What you have to do
Reproduce, exactly and only, the lines of the data that follows from the one containing "国米球迷看台拉横幅力挺巴斯托尼昂首前行兄弟并肩共渡风雨守护荣耀之路" down to the one containing "92, Pinetree, Mineola, Mississauga", without pictures.

-- Entries provided follows --

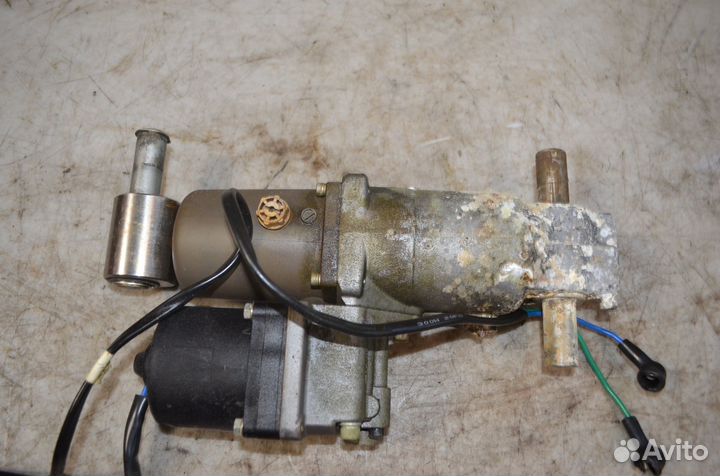 Гидроподъем Лодочный мотор Suzuki DF 70 hp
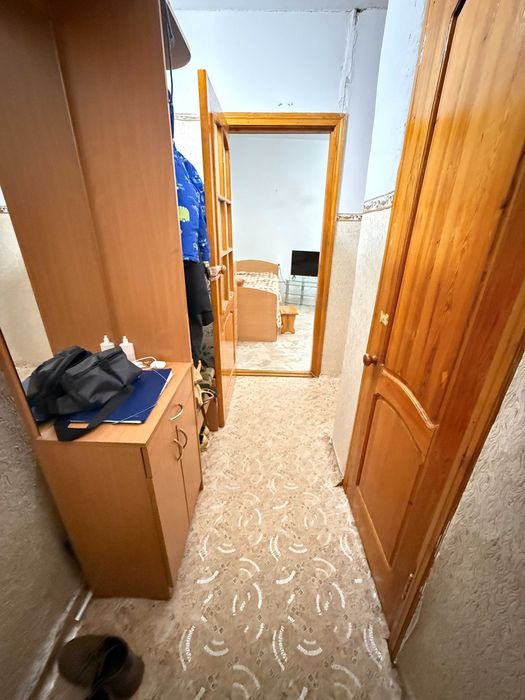 Продается 1-ком квартира  в кирпичном доме 17 мкр-н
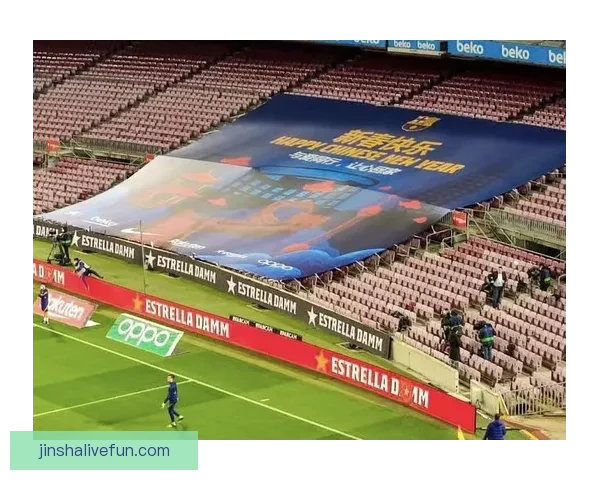 国米球迷看台拉横幅力挺巴斯托尼昂首前行兄弟并肩共渡风雨守护荣耀之路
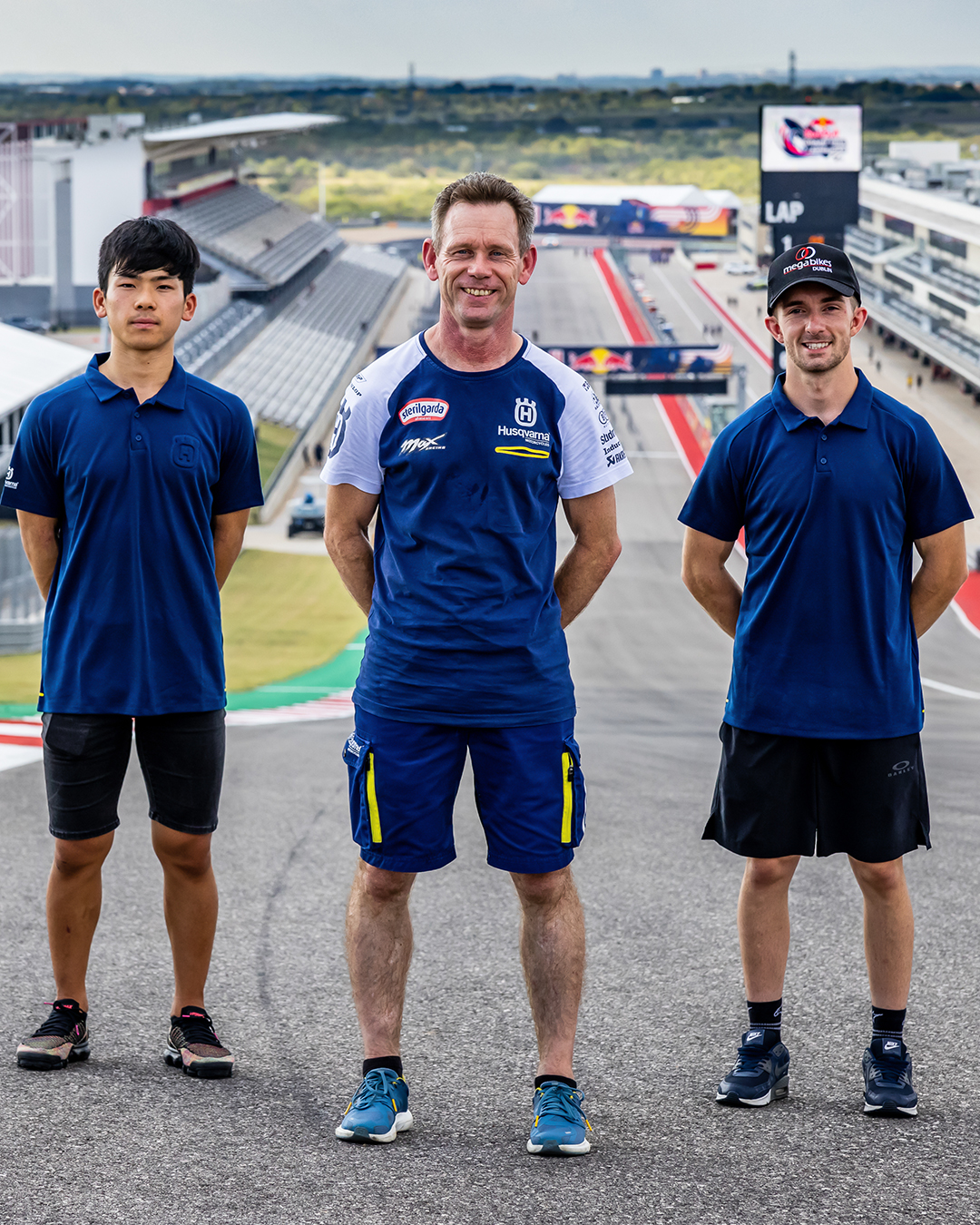 Новый состав Max Racing Team при поддержке завода Husqvarna: Аюми Сасаки и Джон Макфи Новый состав Max Racing Team при поддержке завода Husqvarna: Аюми Сасаки и Джон Макфи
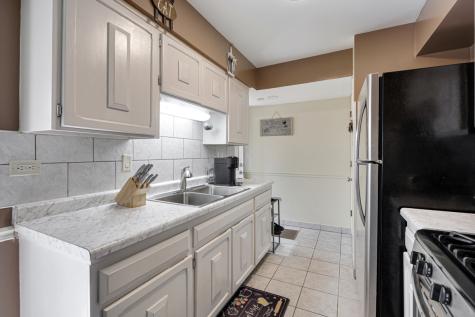 4096 Quincy Court Streamwood IL 60107
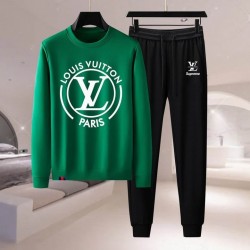 L Tracksuits 217 L Tracksuits 217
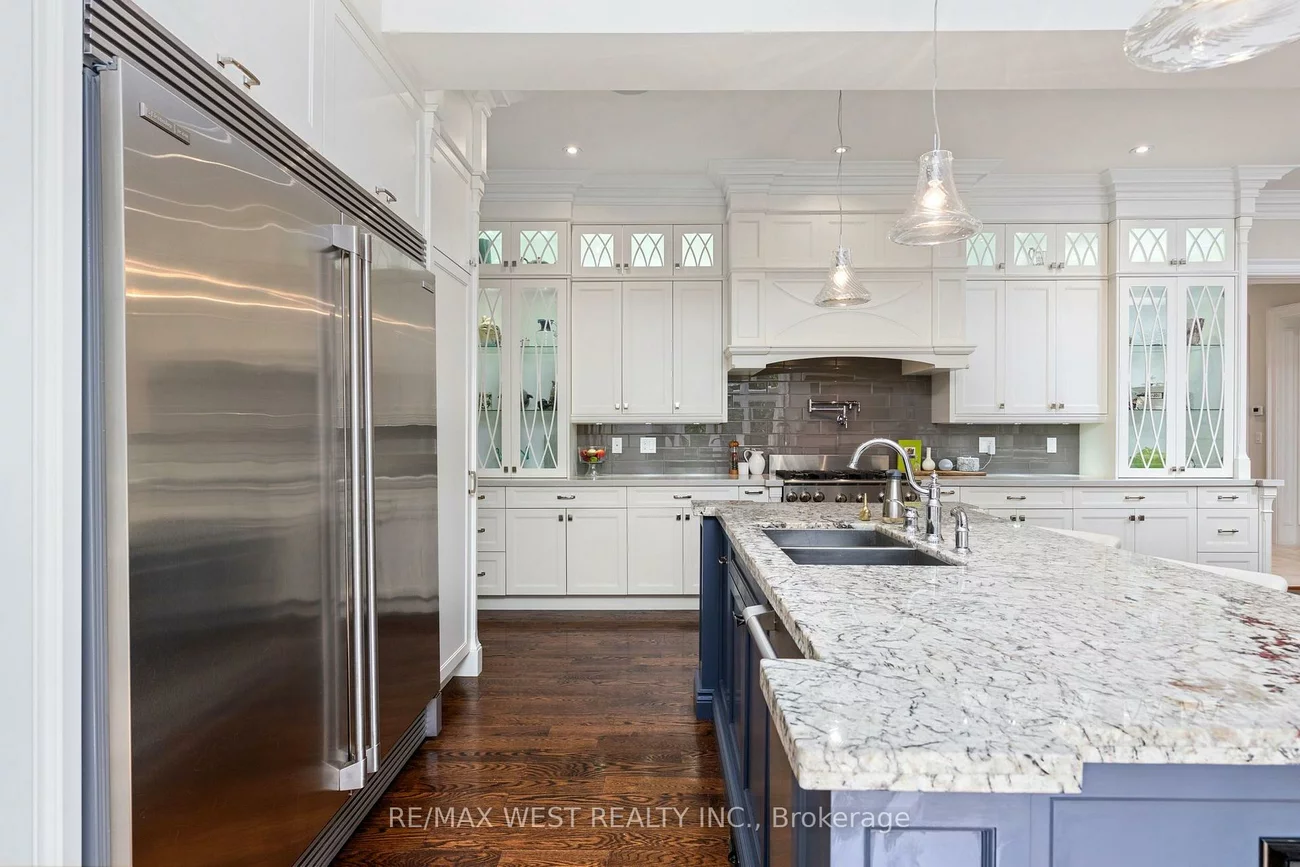 92, Pinetree, Mineola, Mississauga
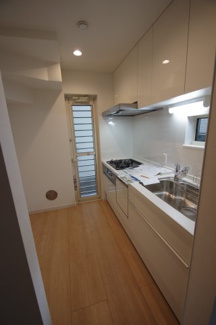 【キッチン】 | 【仲介手数料無料！！】多摩市連光寺３丁目　新築戸建て（全1棟）1号棟　3340万円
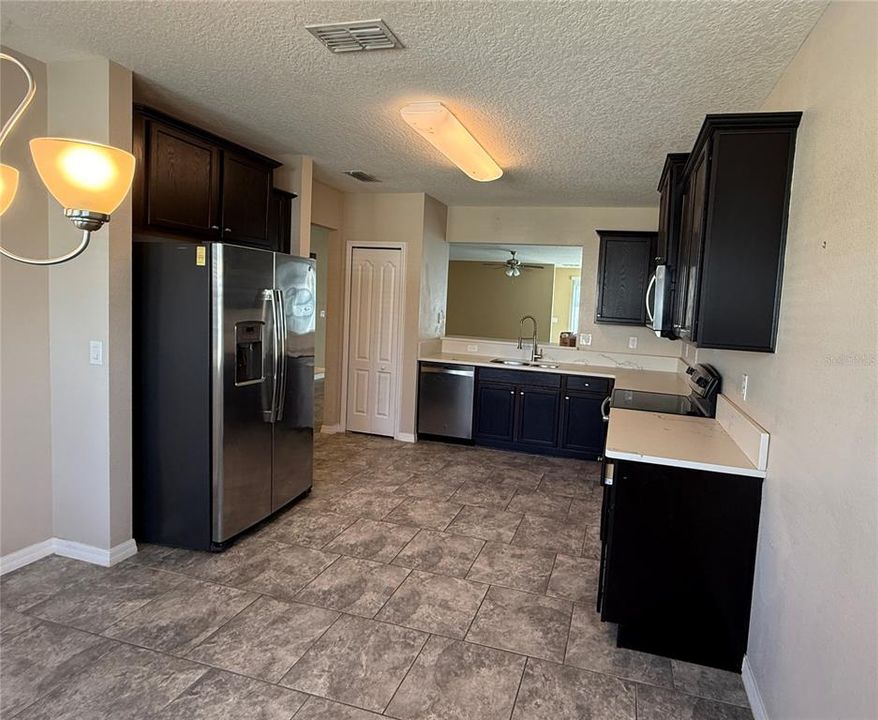 出租: $2,300 (3 贝兹, 2 浴室, 1740 平方英尺)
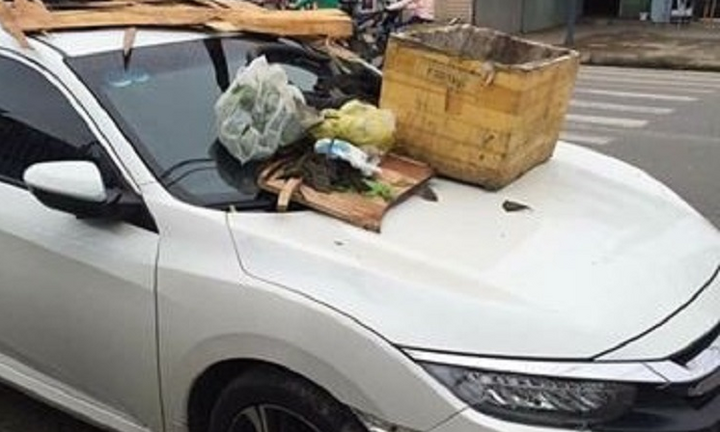 Đậu xe hơi chiếm lối đi, nắp capo ‘ăn no’ rác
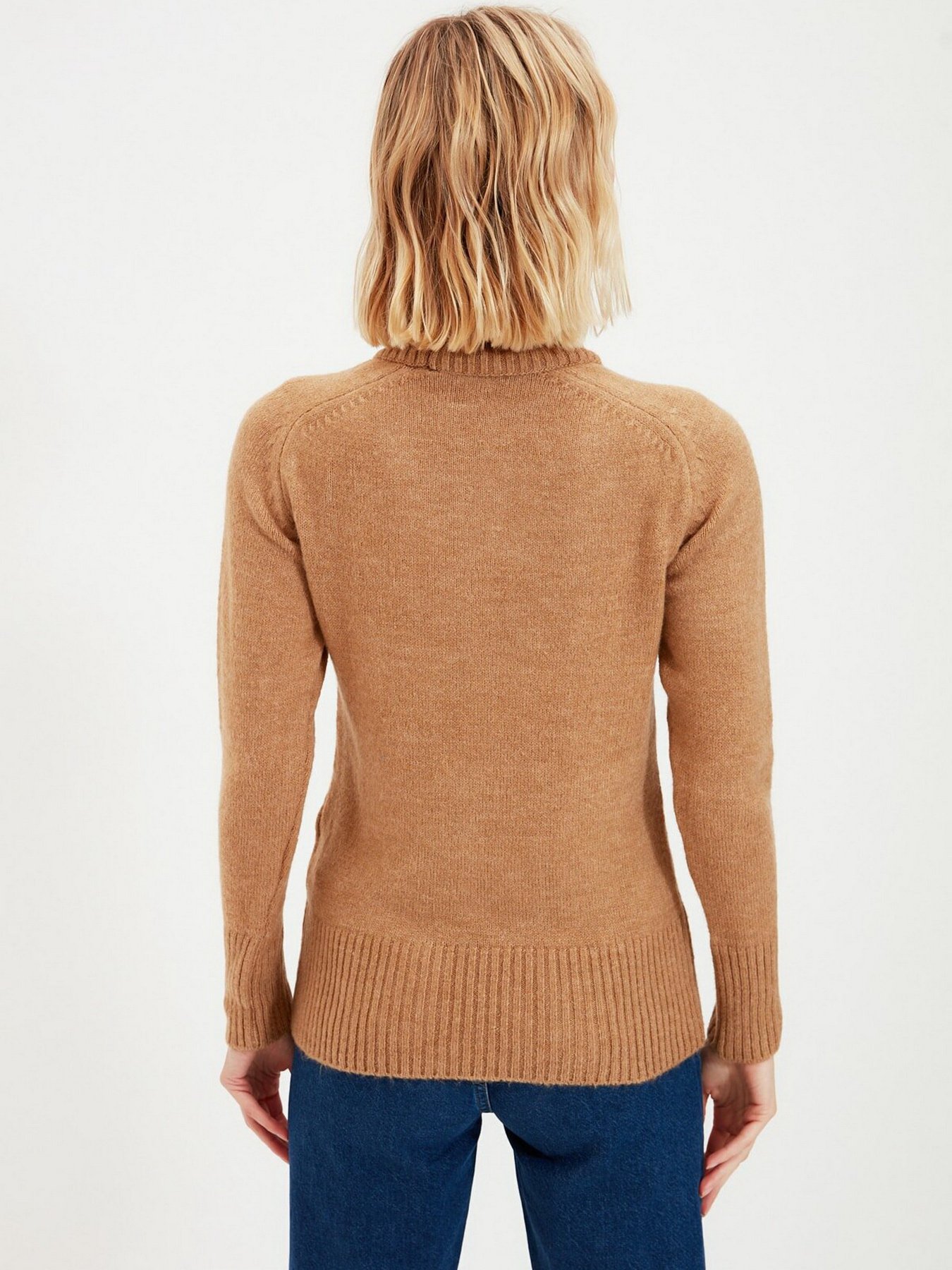 Свитры и кардиганы Trendyol модель TWOAW21KZ1343/Camel Свитры и кардиганы Trendyol модель TWOAW21KZ1343/Camel Фото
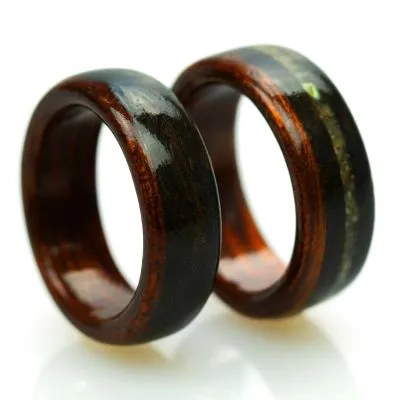 Velvet Pearl – Partnerringe aus Mooreiche, Mahagoni & Perlmutt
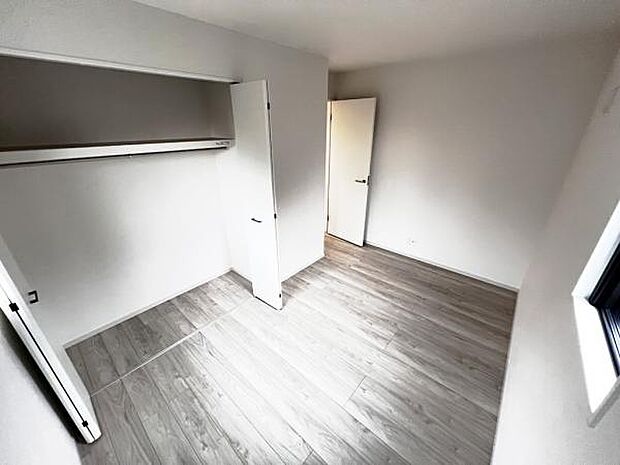 いつでもお部屋をスッキリお使い頂ける収納スペースを設置。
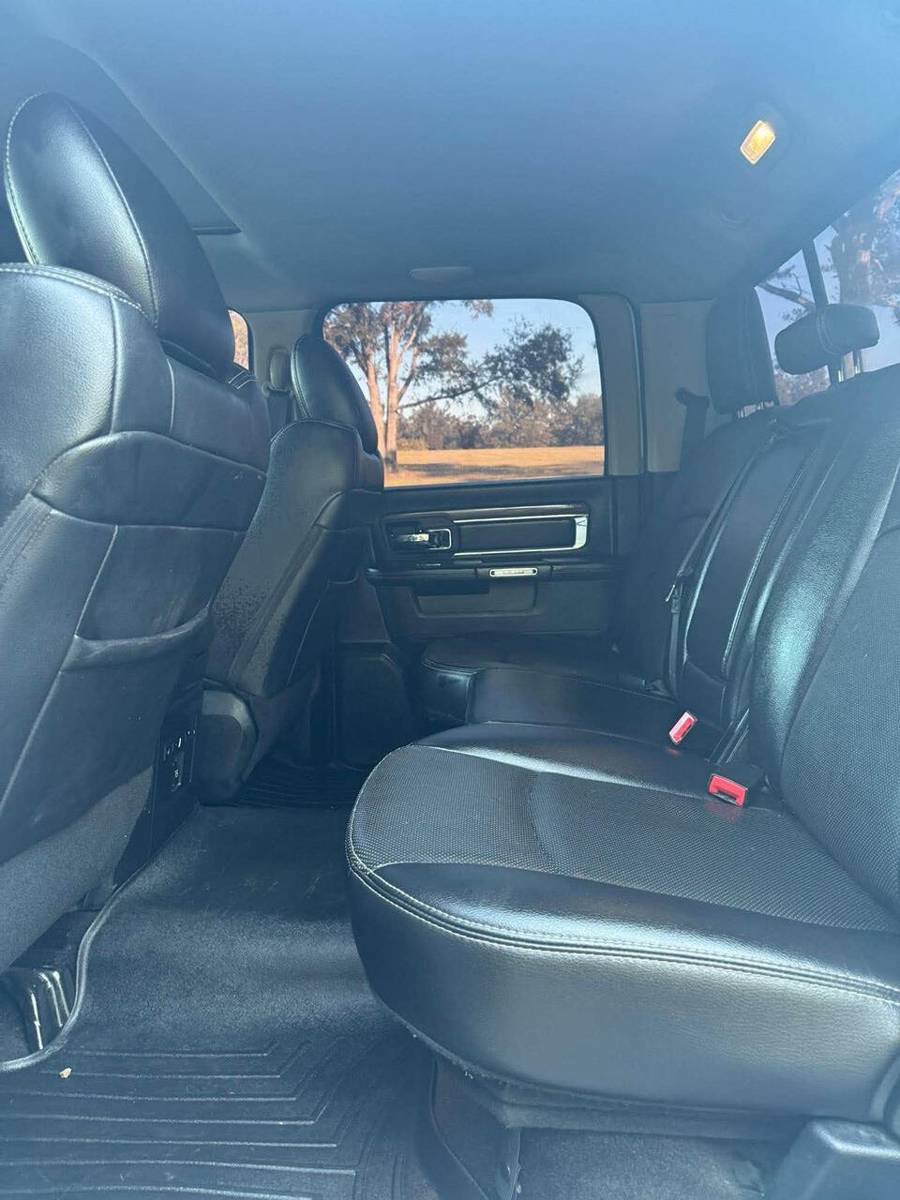 Used 2017 RAM 1500 Laramie w/ Convenience Group AWD/4WD image 13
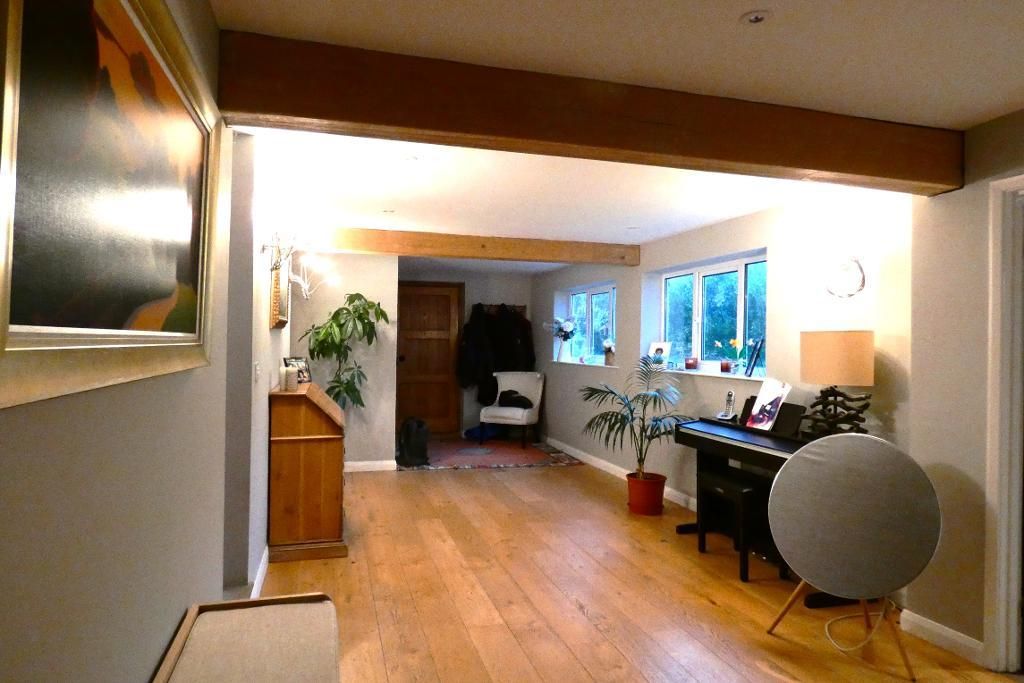 Property photo 3 of 19 Photo 3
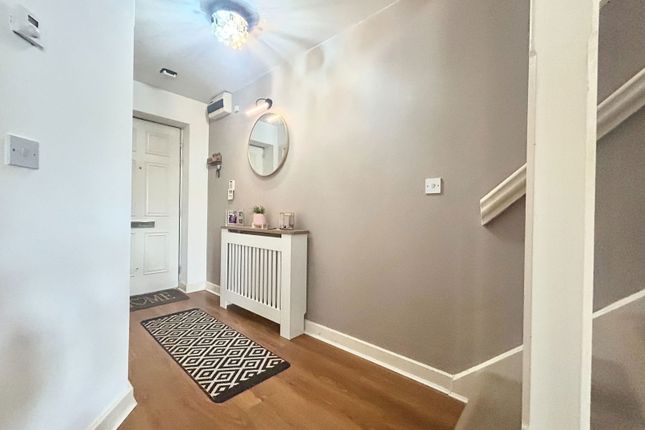 4, Donnington Court, Dudley photo 2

-- Entries provided concluded --

Answer to the problem
 国米球迷看台拉横幅力挺巴斯托尼昂首前行兄弟并肩共渡风雨守护荣耀之路
 Новый состав Max Racing Team при поддержке завода Husqvarna: Аюми Сасаки и Джон Макфи Новый состав Max Racing Team при поддержке завода Husqvarna: Аюми Сасаки и Джон Макфи
 4096 Quincy Court Streamwood IL 60107
 L Tracksuits 217 L Tracksuits 217
 92, Pinetree, Mineola, Mississauga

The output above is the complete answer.